01/04/1981

Ma mère et son syndrome de Münchhausen par délégation

L'arrachement de mon Grenoble natal et l’accueil ostracisé que me fit cette Maurienne arriérée, un père absent, parce qu’il devait parcourir le monde pour son travail et une mère hyper protectrice ont contribué à faire de moi un adolescent mal à l’aise avec la vie et avec son environnement :

Saint-Jean -de-Maurienne s’est très vite avéré être une terre hostile. Je n’y avais pas d’amis du cru. Je les trouvais idiots et violents. C’était vraiment difficile pour moi de trouver une quelconque grâce à des gens qui achetaient les vêtements sur le champ de foire, qui m’appelaient « le Gronoblois » et qui, même parfois, sentaient une drôle d’odeur, celle de la ferme.  

Je me rappelle que quand même je jouais avec des enfants du quartier mais mes parents n’aimaient pas trop ces gamins là parce qu’ils étaient « arabes » ou parlaient mal le français. Au moins, avec eux, nous avons appris à nous battre et surtout à nous défendre des brimades autochtones. Oui, j’ai dû casser quelques paires de lunettes et même quelques nez pour ne plus être embêté et me faire respecter même ce n’était pas du tout ce que je voulais.

Aussi loin que remontent mes souvenirs, maman nous a toujours présenté le monde extérieur comme dangereux et toxique. Le cocon familial nous était vendu comme la seule forme de gouvernance et d’alliance valable.

 Je veux penser qu'à part de très rares exceptions, une maman fait toujours de son mieux avec ce qu'elle a pour ces petits. Mais parfois, elle n'a pas grand-chose. Tellement handicapée des sentiments, certainement parce que son père était mort quand elle avait six ans, et que très tôt elle dut subvenir aux besoins de ma grand-mère et de sa petite sœur, maman ne nous a jamais manifesté d'encouragements autre que matériels.

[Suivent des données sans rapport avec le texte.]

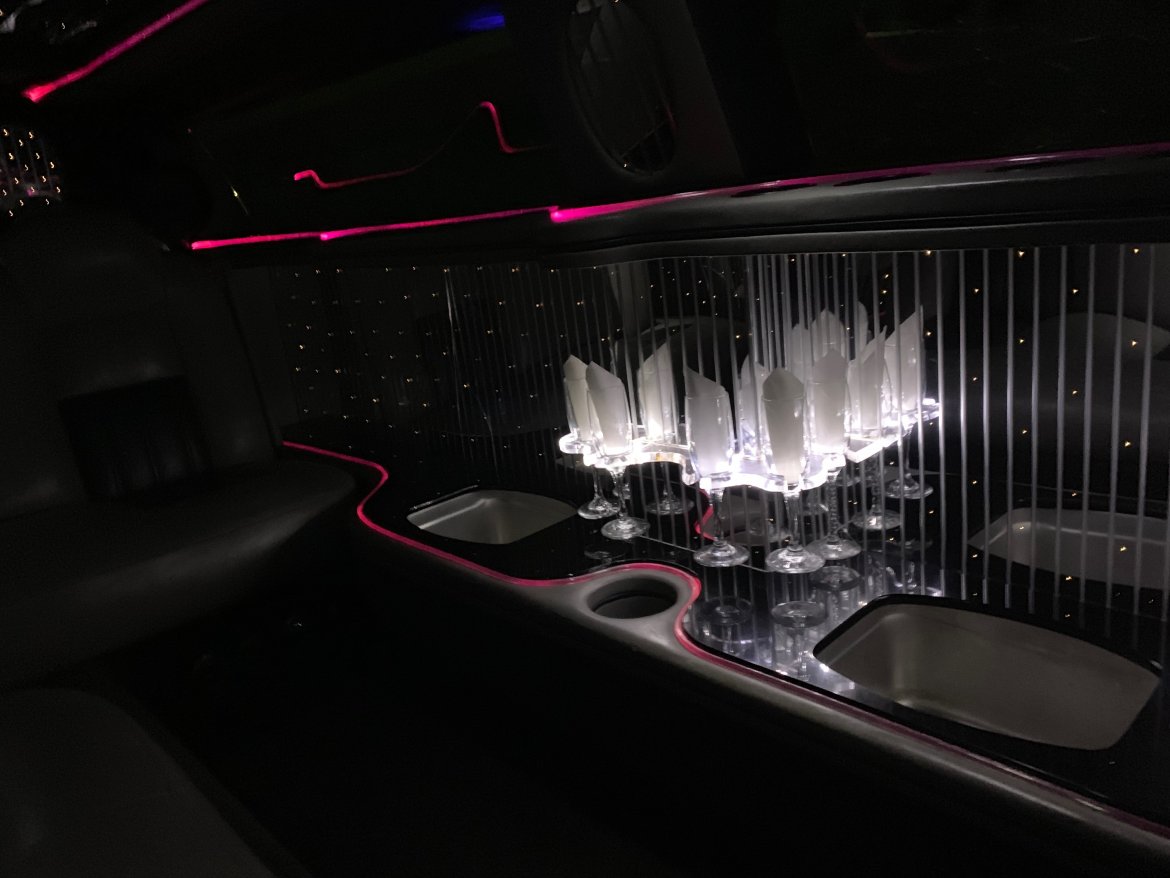 Limousine for Sale in Erie, PA - Photo 13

Je n'ai pas de souvenirs de câlins ou de bisous venant d'elle, ni de papa d’ailleurs.  Elle régnait sèchement et cliniquement en nous évitant toutes contraintes mais nous construisit ainsi une certaine inadaptation au monde et à l'échange avec les autres.

Bizarrement, par contre, elle avait une fâcheuse tendance à faire confiance au premier venu du moment qu’il présenta bien, soit parce qu'il était banquier, dentiste ou médecin, comme l'un de ses oncles qui avait un peu aidé ma grand-mère veuve en 1946 et ses deux filles, soit parce que, simplement, il portait une belle cravate ou une soutane pédophile.

En bonne infirmière, elle exécutait leurs prescriptions, même les plus farfelues, avec une application exemplaire. J’ai donc passé mes jeudis puis mes mercredis chez le dentiste, l’orthopédiste ou au catéchisme pour pas grand-chose. 

J’ai depuis appelé cela son « Syndrome de Münchhausen par délégation ».

Papa, lui, n’était pas vraiment présent dans la famille. Quand nous étions enfants, il voyageait beaucoup et ne rentrait que les weekends, laissant ma mère tout gérer.  Plus tard, quand professionnellement, son réseau de représentants fut mis en place, il s’isolait dans son check de radio amateur, un petit local sans fenêtre dans les soupentes de la villa que nous appelions " l'estanco ". Il y passait ses weekends, ses soirées et souvent ses nuits à bricoler.

Mes parents n’ont jamais valorisé ou félicité leurs enfants. Quand nous réussissions, c'était « la moindre des choses » ou la « chance », nos bêtises de gamins, elles, par contre, nous étaient rabâchées pendant des années.